In times of deceit,” George Orwell warned, “telling the truth is a revolutionary act.” In Indian-occupied Jammu and Kashmir, Irfan Mehraj’s arrest proves just that. A journalist committed to documenting state violence and the live realities of silenced people, Mehraj now languishes in jail under India’s draconian Unlawful Activities (Prevention) Act (UAPA). His ordeal is not an isolated case but a chilling reflection of how the Indian state equates journalism with sedition and punishes those who dare to speak inconvenient truths For over two years, Mehraj has languished in prison without a formal conviction. His arrest did not follow due legal process. As documented by The Wire, authorities failed to even inform him in writing of the reasons for his detention, an explicit violation of Article 22(1) of India’s own constitution. This disregard for constitutional protections illustrates how law in IIOJK functions not as an instrument of justice but as a tool of coercion and punishment.
The UAPA, under which Mehraj has been charged, is notorious for inverting the basic tenets of jurisprudence.

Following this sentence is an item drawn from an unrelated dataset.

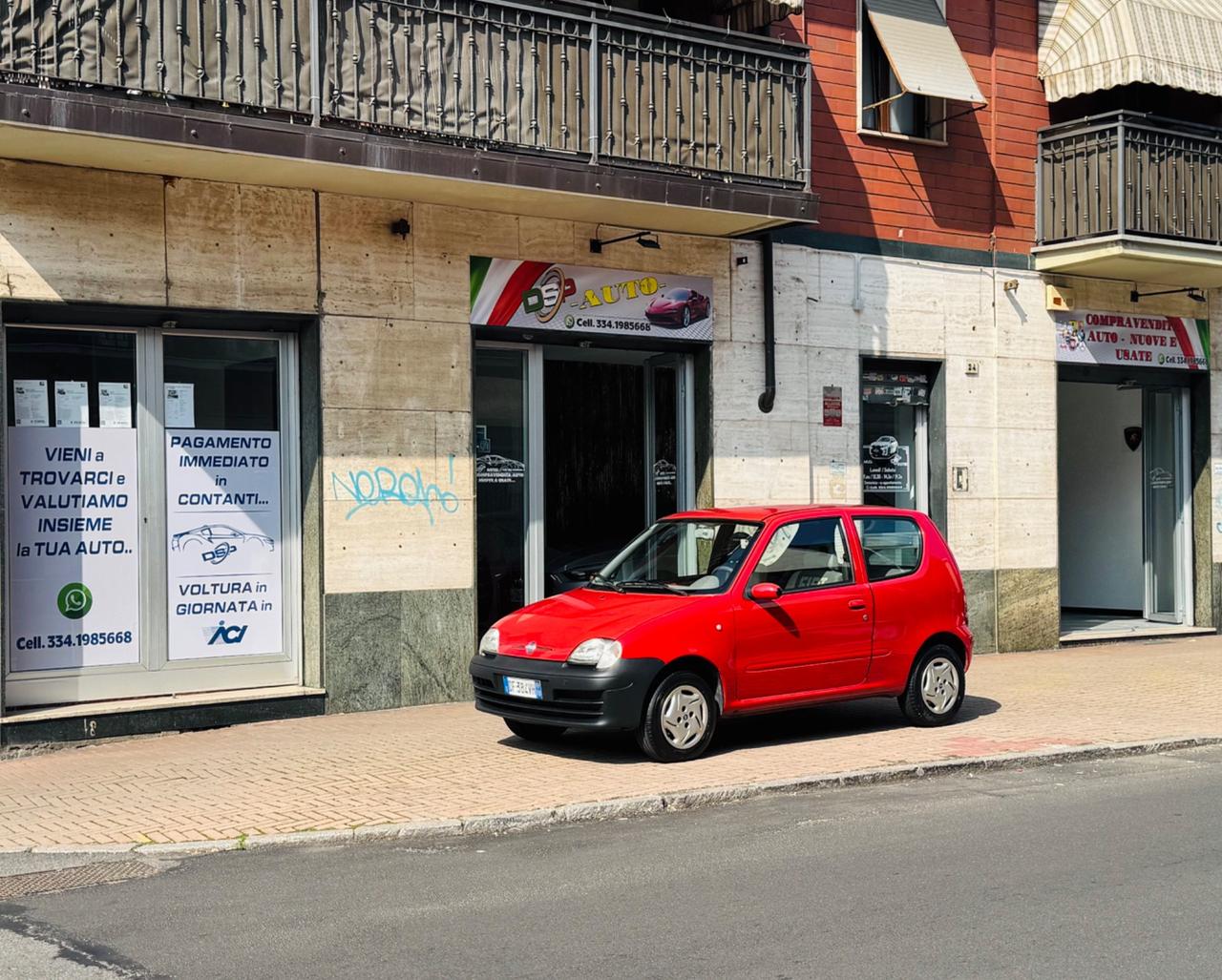 Fiat 600 1.1 50th Anniversary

It permits prolonged incarceration without trial, denies bail under vague suspicions and uses anonymous witnesses whose identities and testimonies cannot be challenged. This legal regime turns mere accusation into guilt. It is not designed to ensure convictions through fair process; it is meant to exhaust, silence and break those who dare to speak against state oppression. Mehraj’s case reveals how the Indian state conflates human rights work with terrorism. The prosecution claims he supported “secessionist activities,” yet fails to provide concrete evidence. Instead, they have produced WhatsApp chats among journalists and innocuous photographs stripped of context. These are not signs of criminality but tools of professional work, weaponized in court to fabricate guilt.

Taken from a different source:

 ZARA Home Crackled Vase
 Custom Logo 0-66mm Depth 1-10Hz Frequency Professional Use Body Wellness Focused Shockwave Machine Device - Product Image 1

Worse still, the prosecution has named 177 witnesses, ensuring the trial remains indefinitely stalled. This legal overkill is not about justice, it is about retribution through delay. The goal is to ensure that Mehraj remains behind bars, trapped in an endless legal limbo. His real offense was speaking truth to power, documenting disappearances, extrajudicial killings and other human rights violations that the Indian state is desperate to suppress. This is part of a larger pattern. The UAPA is being deployed to construct a “terrorist” archetype not based on action, but on ideology. Journalists, students and civil society actors are being branded as enemies of the state for the ideas they represent. Mehraj, by exposing India’s brutal occupation, threatened the myth of democracy that Delhi seeks to export. His detention serves as a warning: facts can become felonies when they threaten the state’s manufactured narrative.
The international community must not stay silent. Irfan Mehraj is not a terrorist. He is a journalist who believed in the power of words. His persecution is a grave assault on press freedom and democratic accountability. If India’s claims to democracy are to hold any moral weight, it must end the weaponisation of law and release Mehraj immediately. His continued incarceration is not just a personal injustice, it is a crime against the truth.